On iOS, Safari uses a multi-process architecture. However, it does so with a proprietary mechanism that is not available to third-party applications unless they use Safari’s WebKit engine. To support third-party browser engines, iOS should provide a mechanism to create and efficiently communicate with isolated child processes.
Some basic requirements:
- The number of child processes and their duration are dictated by user browsing behavior and should not be fixed outside of reasonable device constraints.
- The child process should be configurable with tightly controlled privileges while permitting inter-process communication using messaging and shared memory.
- The parent process must be able to establish shared memory mappings with child processes and vice versa. Child processes must be able to communicate with each other in the same way.
- Access to shared memory regions should be configurable as read/write or read-only per region.
- For optimal security, child processes’ entitlements/privileges should be configured independently from the parent process and the parent process should be able to create child processes of different types using different executables.
- Child processes should be able to load libraries from the bundle that are shared with the parent process.
- To support isolating GPU access to a GPU process, child processes should be able to use Metal or OpenGL (when configured as such) to render into an IOSurface.

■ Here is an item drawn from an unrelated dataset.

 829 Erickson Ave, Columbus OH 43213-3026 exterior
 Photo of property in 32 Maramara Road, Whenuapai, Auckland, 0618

Child processes should be able to share IOSurfaces across processes.
Firefox uses a shared codebase across different operating systems with platform-specific adapters for functionality like process management. Some quirks may be inevitable, but it’s important that the interface and behavior be broadly similar to other platforms like macOS and Android so as to avoid systematically breaking assumptions in overall browser architecture and platform-specific code. Something shaped like posix_spawn would be a reasonable starting point.